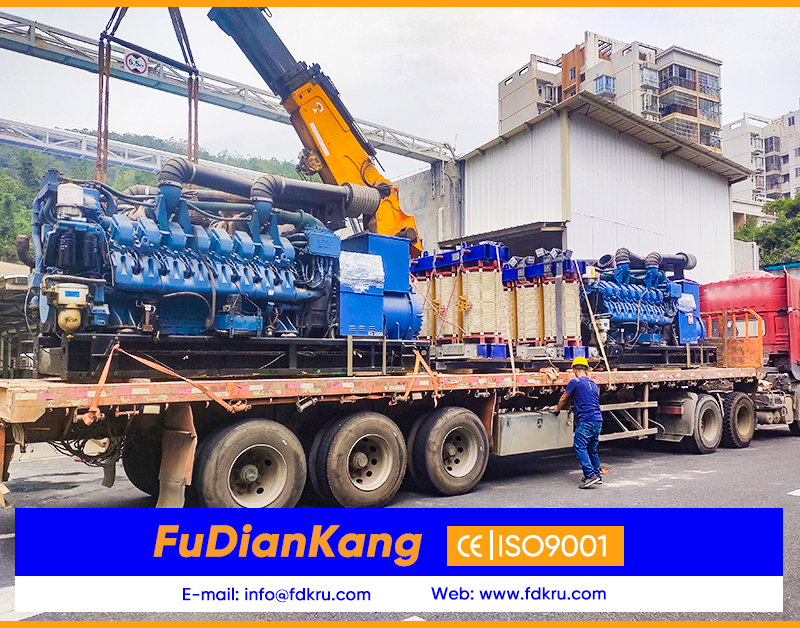 Прибытие дизельного генератора MTU 16V4000G61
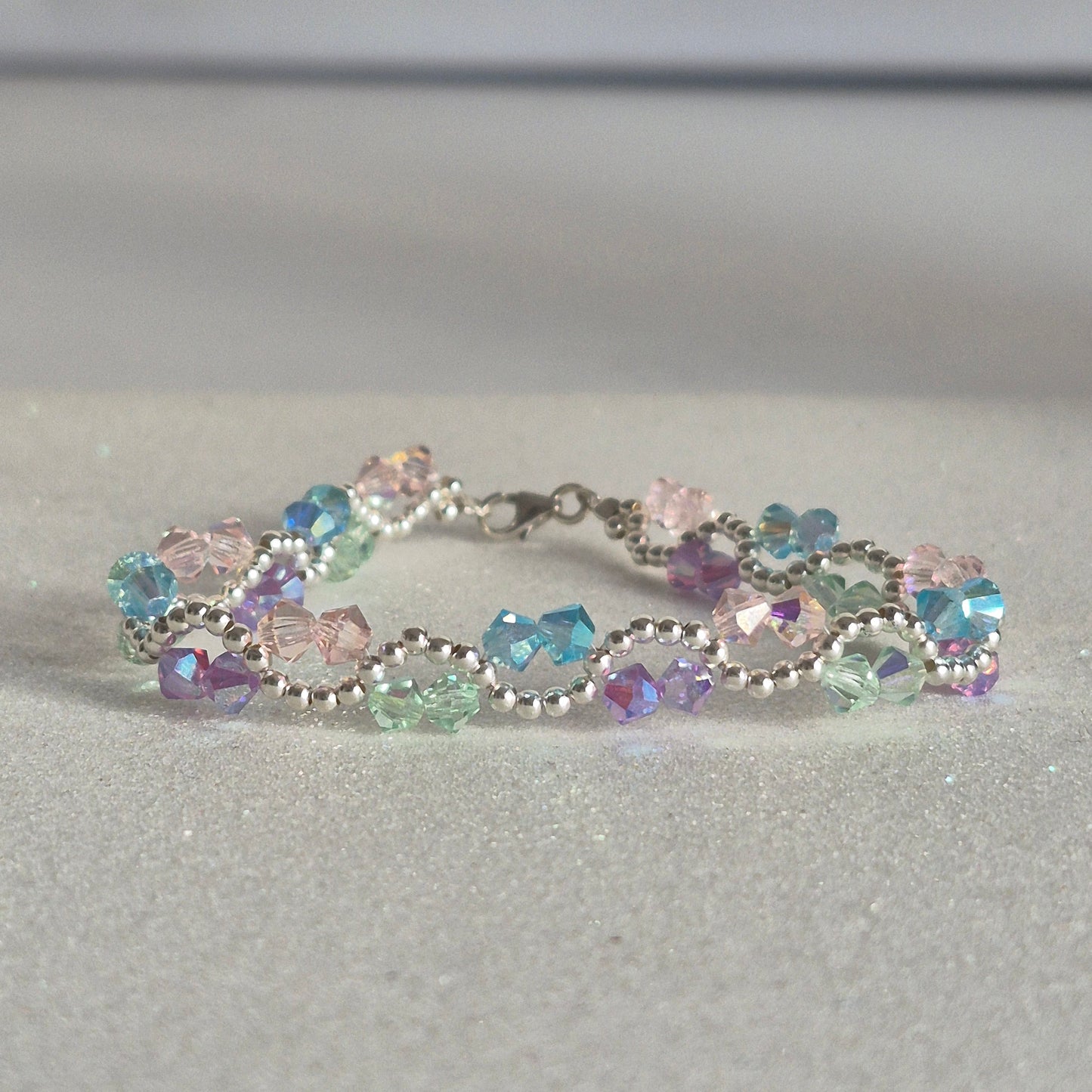Pulsera ONDAS Cristal Swarovski Elements Plata 925 Colores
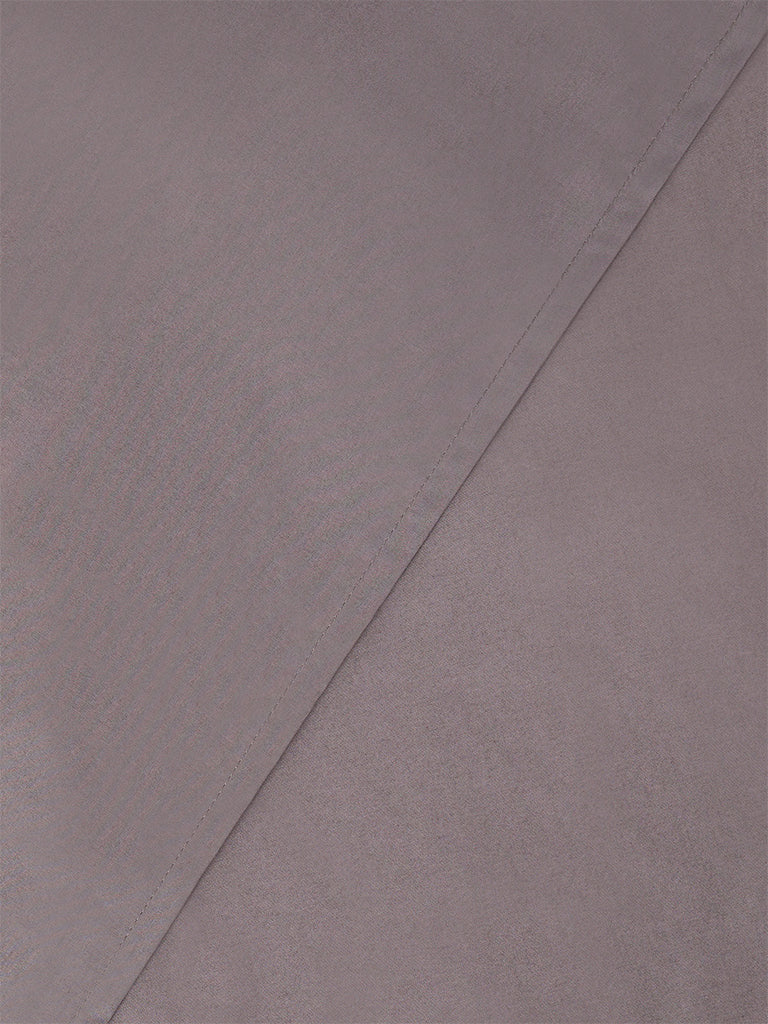 Westside Home Charcoal Solid Queen Bed Sheet Set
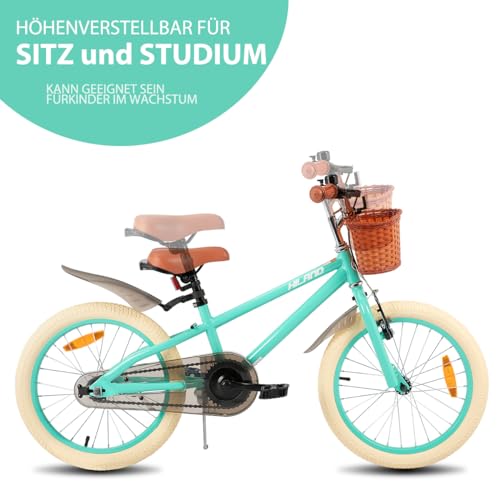 HILAND Kinderfahrrad Stützrädern Handbremse Rücktrittbremse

+-------+

WHAT TO WORK ON:
Your copy of the data should match it exactly, apart from the images, which are omitted.

SOLUTION FOR THIS EXERCISE:
 Прибытие дизельного генератора MTU 16V4000G61
Pulsera ONDAS Cristal Swarovski Elements Plata 925 Colores
 Westside Home Charcoal Solid Queen Bed Sheet Set
 HILAND Kinderfahrrad Stützrädern Handbremse Rücktrittbremse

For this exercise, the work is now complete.